Each of us is bright,
We just forget to polish ourselves.
Moshe Feldenkrais called our brightness our latent genius. Fortunately he developed a system to polish it. The Feldenkrais Method is based on the premise that the primary function of the human brain is to learn and learning how to learn is more important than what we learn.
Learning how to learn isn’t encouraged in our growing process. Most of our formal education deals with compiling information. It’s goal oriented and reward seeking. The speed with which we reach our goal is so valued that we tend to seek the shortest route using the greatest effort. This eliminates our creative exploration and the availability of choices. It is learning imposed from the outside.
However, our informal learning, the kind we did as an infant when we learned to pick up our head, turn, crawl, walk and jump, is the kind of learning that happens from the inside. It’s called somatic or kinesthetic learning. It’s motivated by childlike curiosity and the joy of being alive. It develops with the luxury of trial and error. The Feldenkrais Method helps us to rediscover this innate capacity by fine-tuning awareness through our kinesthetic sense which is the part of ourself that feels movement, knows touch, and recognizes spacial relationships. It’s connected to our inner wisdom and no one can teach it to us, we learn simply because it exists.
In the Feldenkrais Method, our body movement becomes our own personal laboratory for discoveries. We can feel how a turn of our head affects our spine, our ribs, our pelvis and even our feet. Sometimes we inhibit the efficient flow of a movement by tensing some part of ourselves. By preventing that part from joining the action, another body part becomes strained because it’s overworking; it wasn’t designed to carry such a large load. Often these overused areas are the places where we experience pain…..for instance in our neck, shoulders, or lower back. Consider the possibility that the problem is not be where the pain occurs. If the underused areas learn to become active, the movement becomes more functionally integrated.
By bringing these areas into awareness, we empower ourselves to make more efficient, comfortable choices. The part of our body that was habitually off line begins to reconnect and act more harmoniously with our intention. Stress and chronic pain is often significantly relieved. This occurs because the whole nervous system has learned a better way to function and is more relaxed.

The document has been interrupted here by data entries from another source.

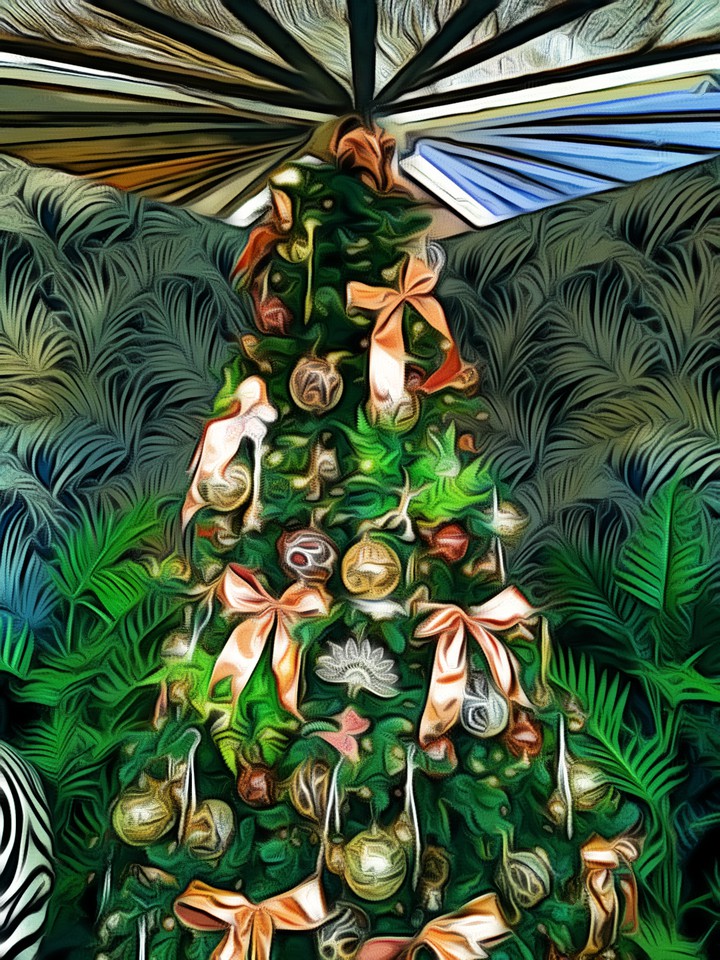 Christmas Miracle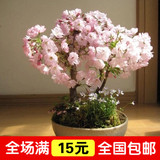 进口新采日本樱花种子/樱花树种子/阳台盆栽花卉 多品种选择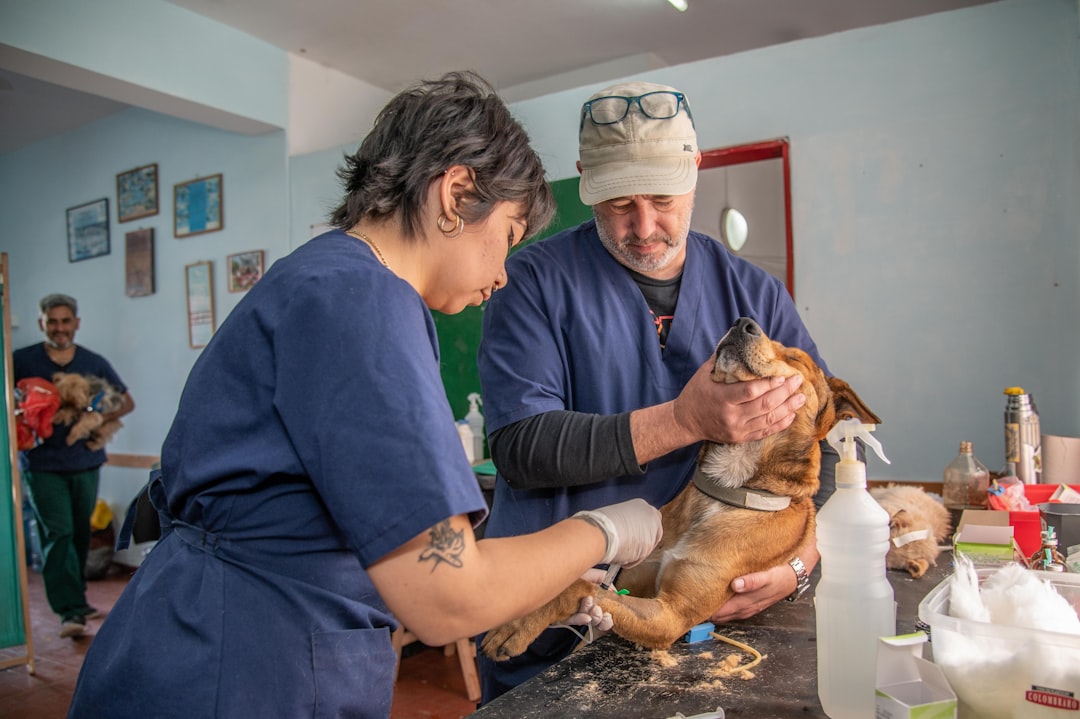 What Vaccinations Your Dog Needs in South Africa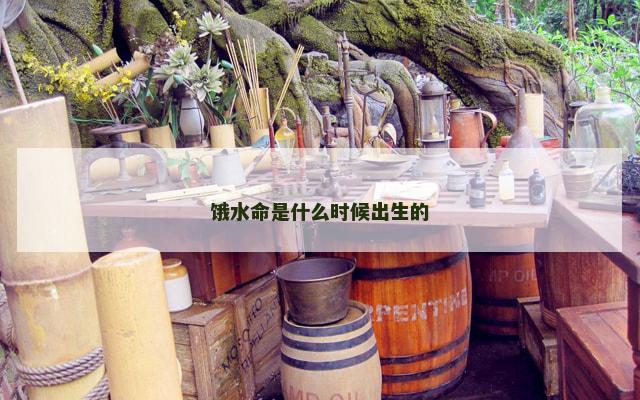 饿水命是什么时候出生的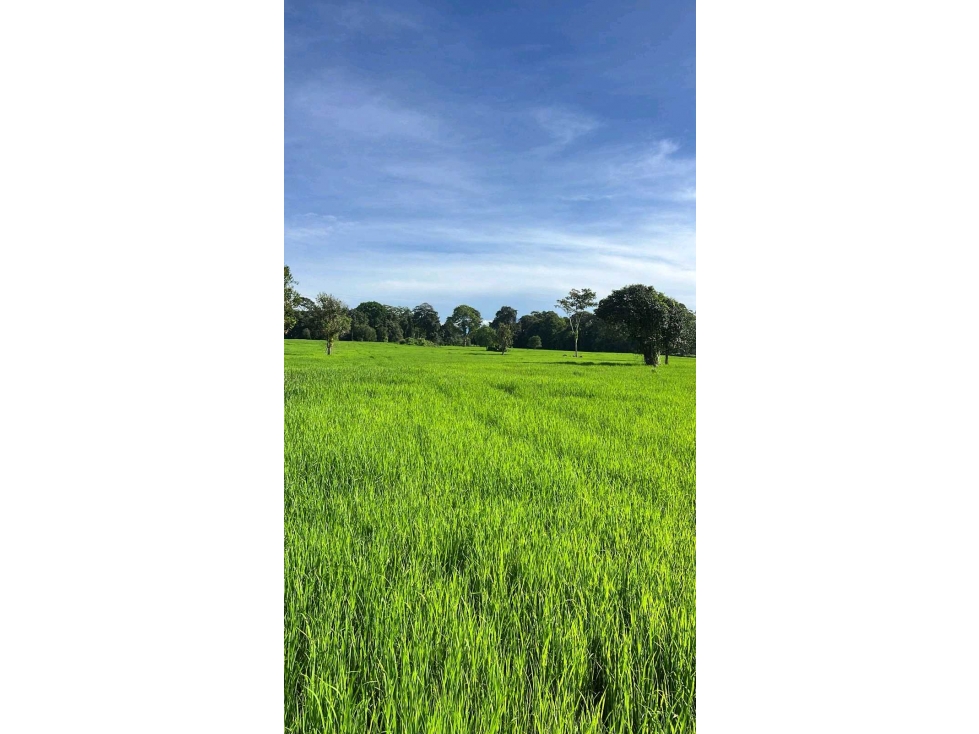 VENDO FINCA PLANA DE 83HECTAREAS CON AGUA VIVA - 4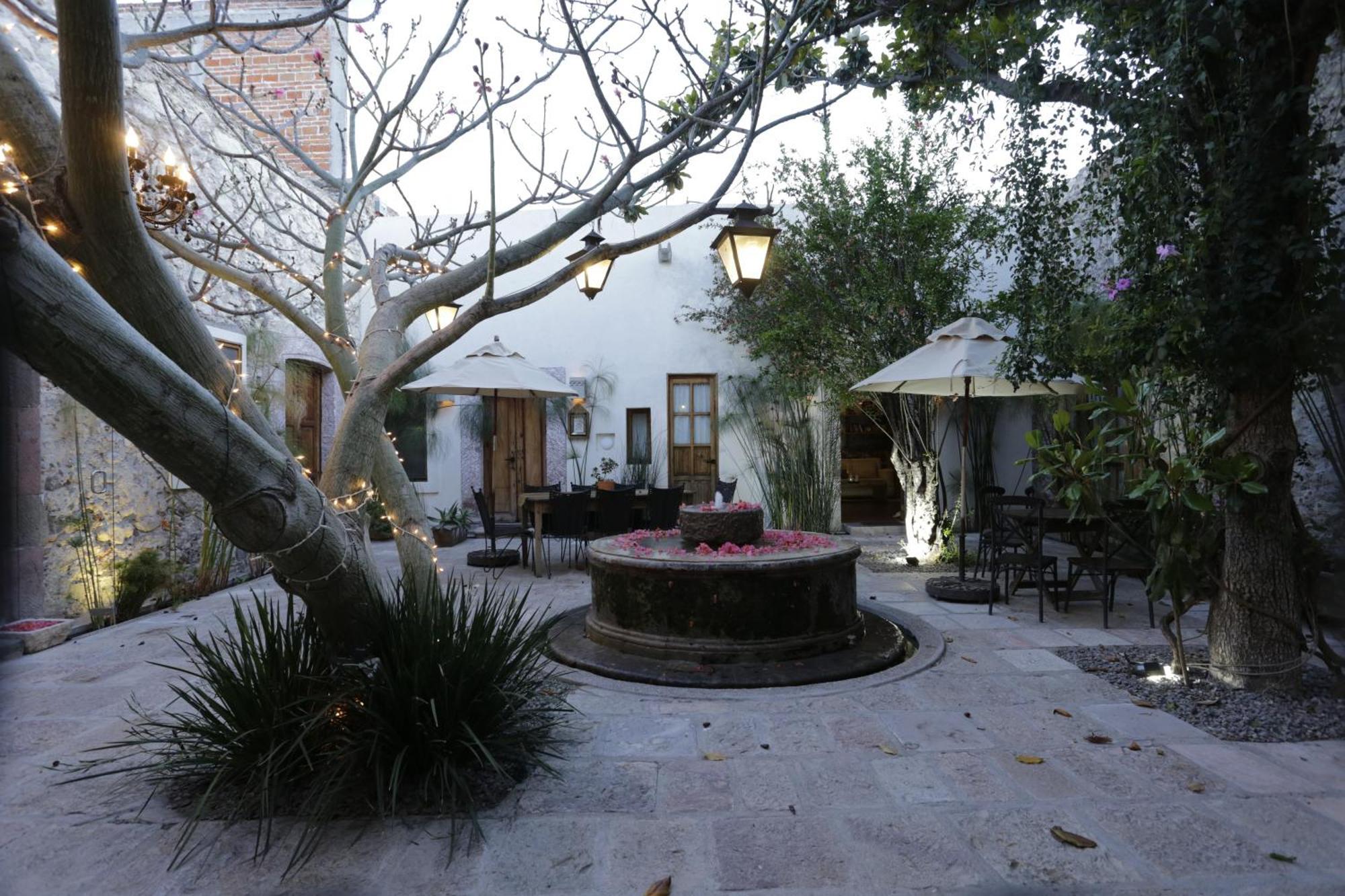 Orchid House San Miguel De Allende Dış mekan fotoğraf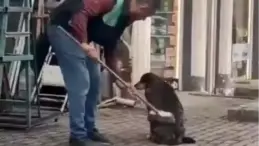 Bursa’da Esnafın Yürek Isıtan Hareketi: Sokak Köpeğini Temizledi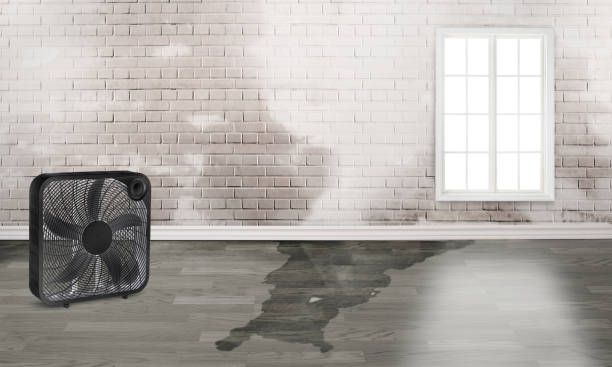 Best Flood damage cleanup  in Lake San Marcos, CA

Another very important aspect of the work addresses the gaps that exist in our body image. By this, I mean a part of our self that our kinesthetic sense doesn’t perceive. It’s like having blind spots in our personal behavior. This gap in self-knowledge blocks us from presence and spontaneity. By gently bringing ourselves to sense and use what was previously unnoticed, we bridge the gap and complete our felt-sense of ourselves. Then a funny thing happens: Our increased awareness of choice in motion becomes a metaphor and we begin to perceive other choices. These can be in the arenas of relationships, work, thinking, and creativity. For instance, I’ve been told by more than one artist, that after a Feldenkrais Lesson with me, they went to their studio and painted in a completely new style, or completed an entire musical score for a show.
In a Feldenkrais class, the student usually lies on the floor and receives verbal guidance through a series of gentle, powerful, and cohesive movement sequences. These light up awareness and improve neural connections. (If being on the floor is too difficult, other options are available.) As the lesson develops, the student is encouraged to notice differences, especially in comfort levels and in relationship with the earth. The capacity to notice small differences develops kinesthetic intelligence and increases awareness. Awareness, in itself alone, is transformative. The group process is called AWARENESS THROUGH MOVEMENT. The individual hands-on work is a one-to-one experience of touch and guidance designed for each person. It’s called FUNCTIONAL INTEGRATION.
Reading about the Feldenkrais Method is like reading about a gourmet dinner; it’s absolutely nothing like tasting the food! Experiencing it for yourself is the only way of knowing. So take a chance to polish your brightness! Explore the joy and ease of movement that awaits you.